A Comissão de Constituição e Justiça (CCJ) da Assembleia Legislativa do Paraná (Alep) analisa projeto de Lei que visa proibir influenciadores de fazerem publicidade de jogos de azar, como o jogo do ‘Tigrinho’, no Paraná. O texto é de autoria do delegado Tito Barichello (União Brasil) e tramita desde o ano passado.
De acordo com o texto do PL, a medida quer “assegurar que qualquer operação relacionada a jogos de azar esteja sujeita a regulamentações locais”.
Para o parlamentar, a fácil acessibilidade online para jogos de azar e cassinos induz comportamentos impulsivos e por essa razão pode causar prejuízos financeiros aos usuários.
Brasil
Em âmbito nacional o Governo Federal iniciou a regulação das chamadas “bets”, mais voltadas para apostas esportivas, em setembro e em outubro já tinha a lista das empresas que estão autorizadas pela Secretaria de Prêmios e Apostas a operar no Brasil (veja aqui).
A partir de janeiro, todos os sites de apostas definitivamente autorizados utilizarão o domínio brasileiro de internet, com extensão “bet.br”. As que não tiverem este domínio estarão ilegais.
Paraná
Na esfera estadual, conforme a Secretaria, há cinco empresas autorizadas a operar jogos virtuais no Paraná, mas nenhuma delas divulgou o CNPJ (veja aqui quais são).

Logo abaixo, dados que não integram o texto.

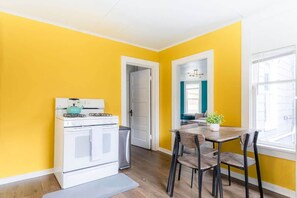 Une cuisine de taille réduite comprenant une cuisinière, un évier et une table à manger avec des chaises.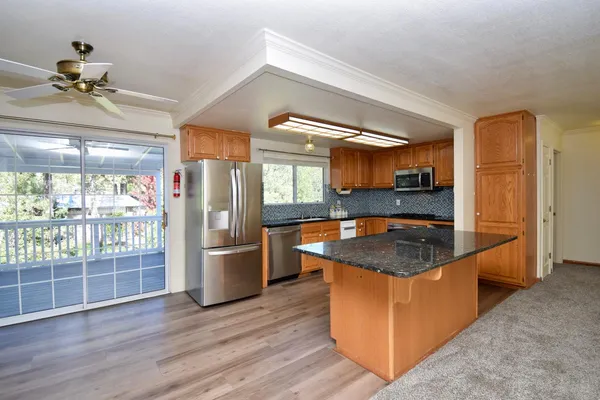 a kitchen with stainless steel appliances granite countertop a refrigerator a stove and a sink
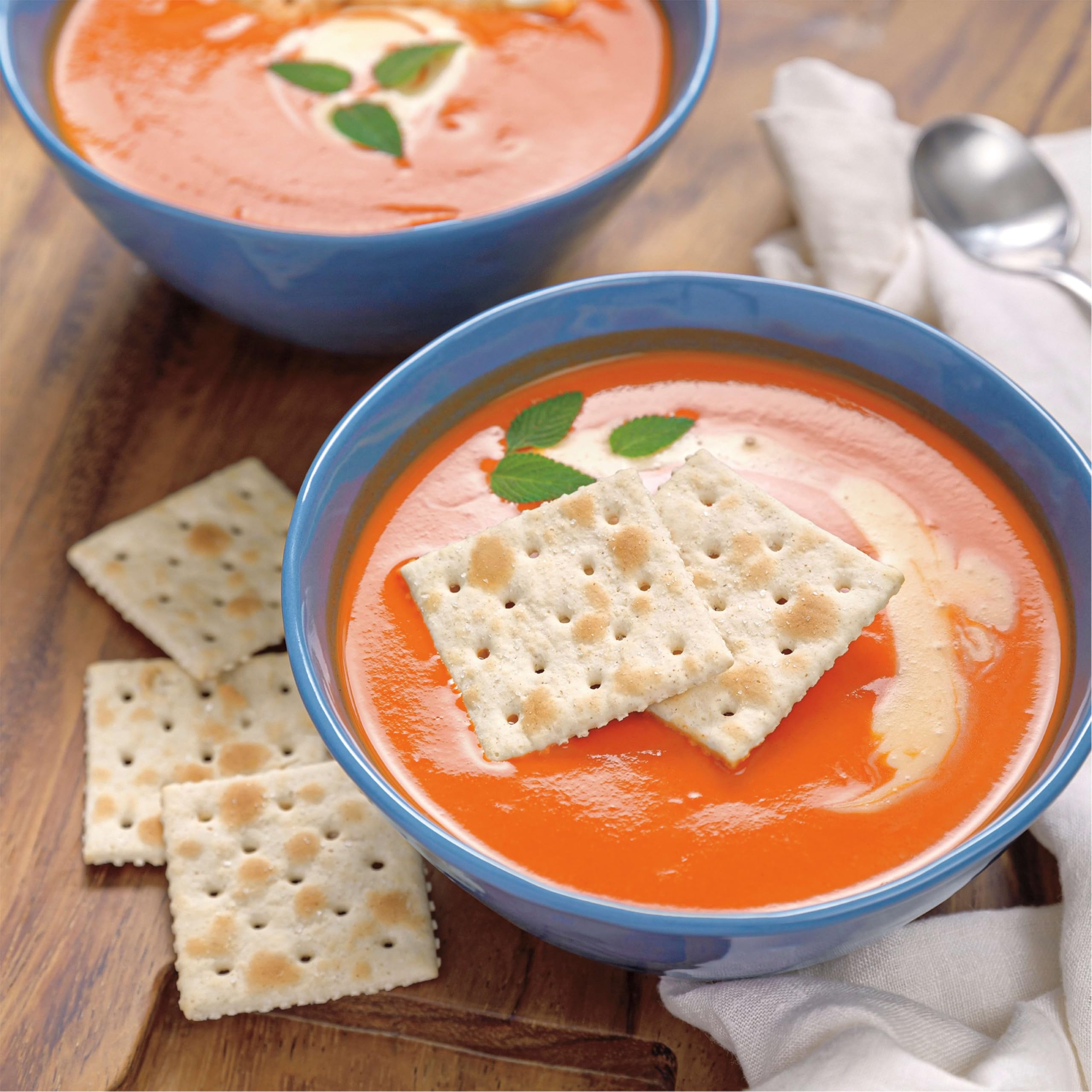 Premium Original Saltine Crackers beside cheese board offers versatile snacking.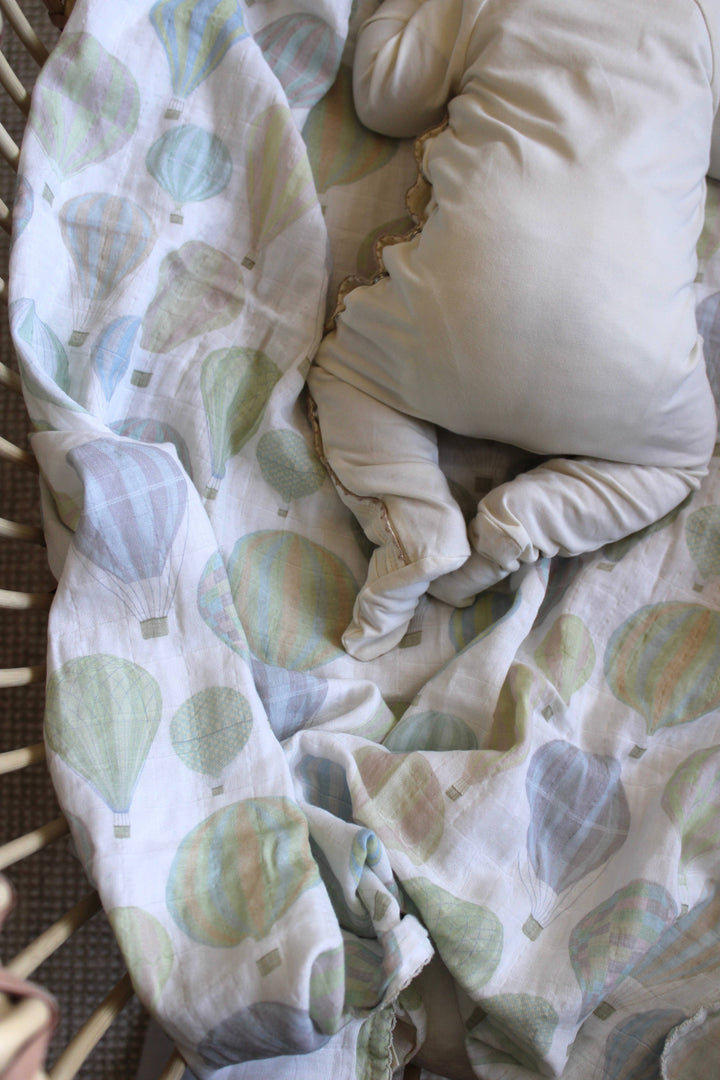 Close up of Little Threads air balloon muslin swaddle fabric, organic cotton baby blanket with breathable texture for sensitive skin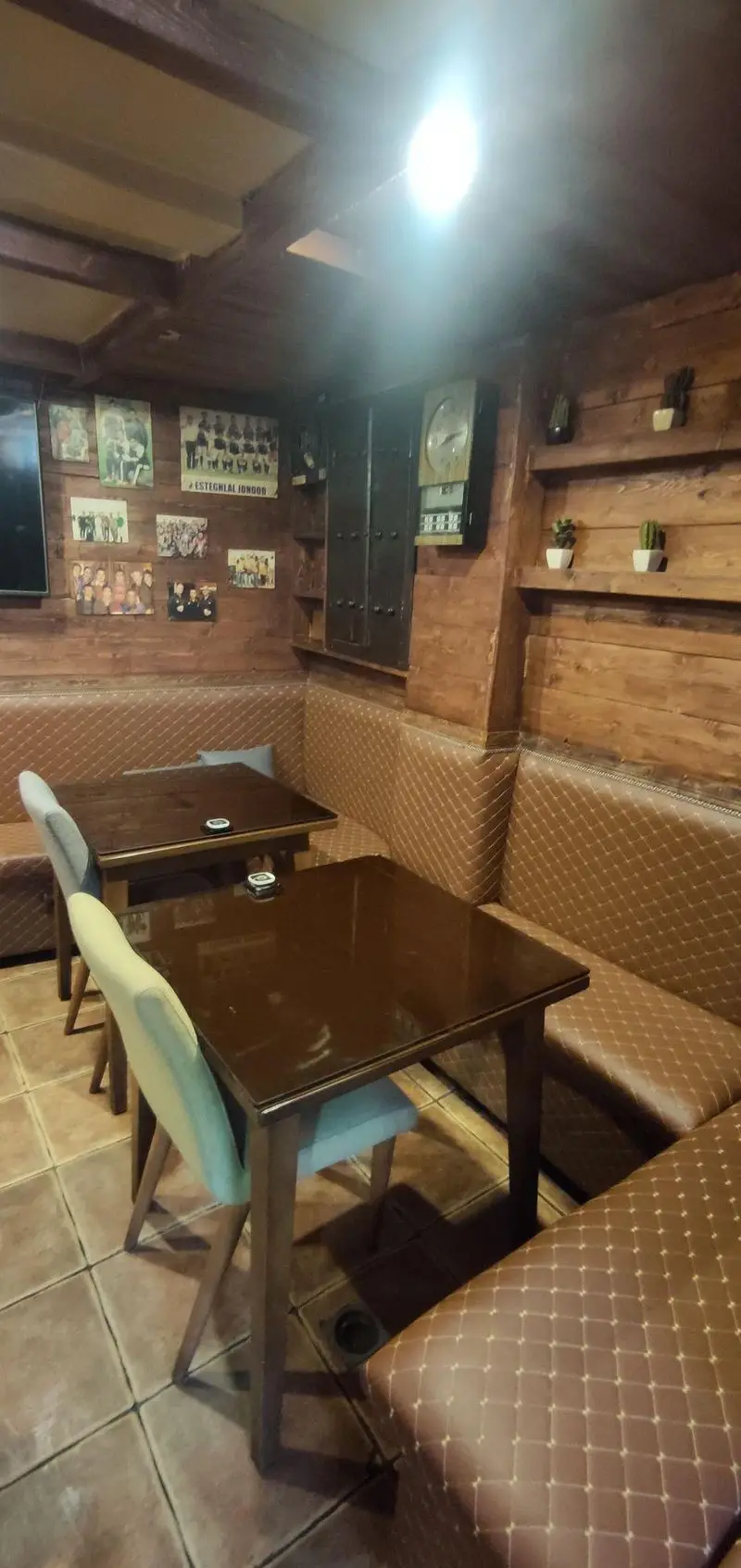 تصویری از فضای داخلی دلنشین کافی شاپ پاییز ۹۸ با دیوارهای چوبی، سقف تیرکوب، نیمکت‌های قهوه‌ای چرمی و میزهای شیشه‌ای براق، مناسب پاتوقی گرم.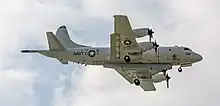 A P-3C Orion flying in landing configuration with the LSRS, which is a large pod mounted on its belly.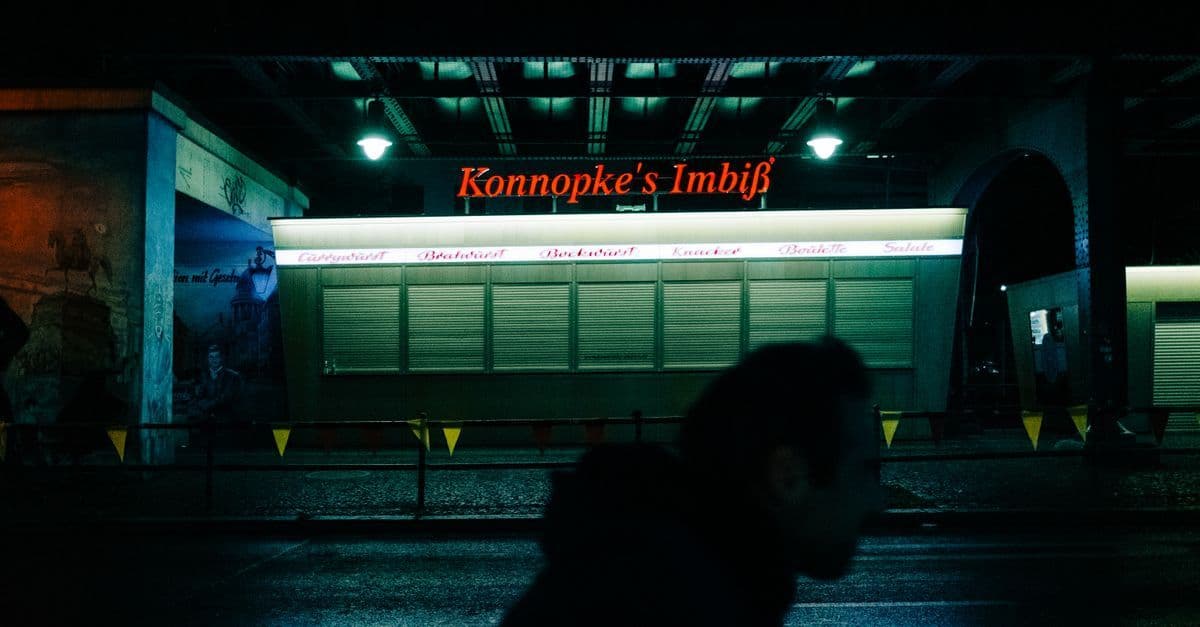 Mysterious night view of Konnopke's Imbiss in Berlin with silhouette foreground.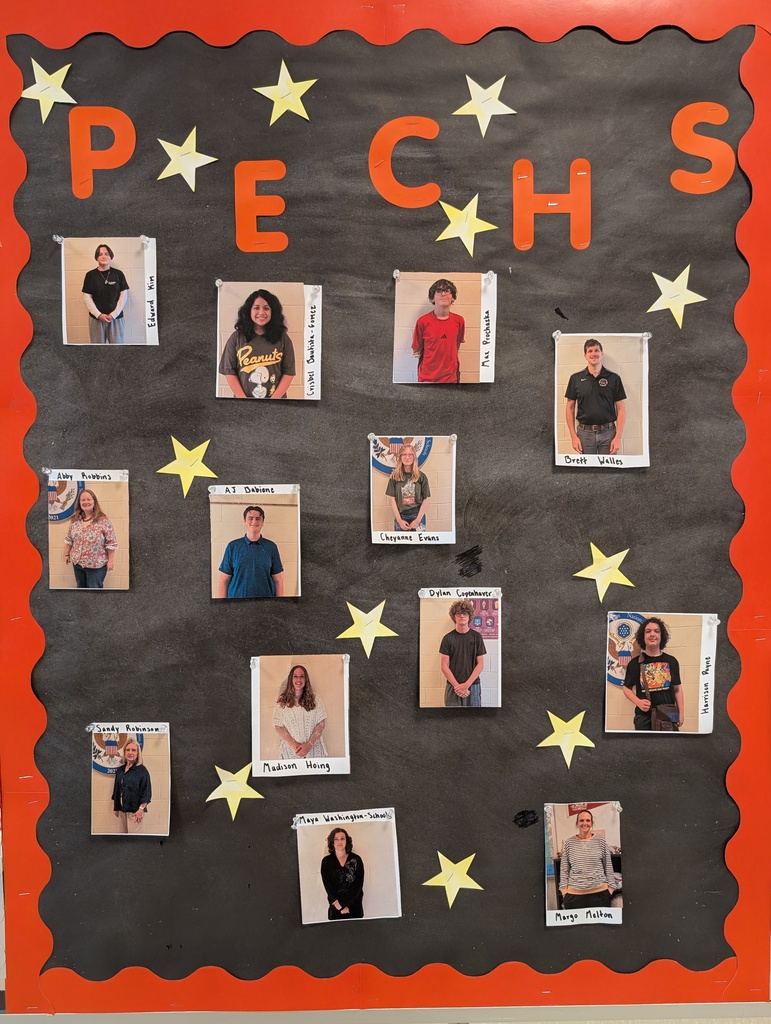 Bulletin board with pictures and names of students and staff of the month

Todavia, mesmo com a autorização para funcionar, a preocupação é com o endividamento provocado pelo hábito de apostar, sobretudo com os depoimentos inverídicos de influenciadores em redes sociais.
Neste ano a Confederação Nacional do Comércio de Bens, Serviços e Turismo (CNC) realizou um levamento que indica que as ‘bets’ são responsáveis por mais de R$ 117 bilhões em prejuízos em estabelecimentos no Brasil, isso porque os brasileiros gastaram R$ 68 bilhões em apostas entre junho de 2023 e junho de 2024 e, muitas vezes, deixam de pagar ou consumir produtos em comércios legais.
No Paraná, a Polícia Civil realizou diversas operações contra influenciadores que divulgam apostas, rifas e cassinos ilegais. Uma delas aconteceu em março deste ano, nas cidades de Colombo e Fazenda Rio Grande, Região Metropolitana de Curitiba (RMC), que resultou na apreensão de três veículos e R$ 12 mil em espécie contra suspeitos que divulgavam apostas e não pagavam os prêmios.
Em outra situação, na cidade de Jussara, noroeste do Paraná, uma mulher de 22 anos foi presa por desviar R$ 179 mil do avô para jogar o ‘Tigrinho’. Ela fez ao menos 59 movimentações bancárias sem o conhecimento do idoso para bancar o vício.
Lei
O projeto de lei, embora esteja protocolado há mais de um ano, ainda não tem data para ir ao plenário da Alep, porque não corre em regime de urgência.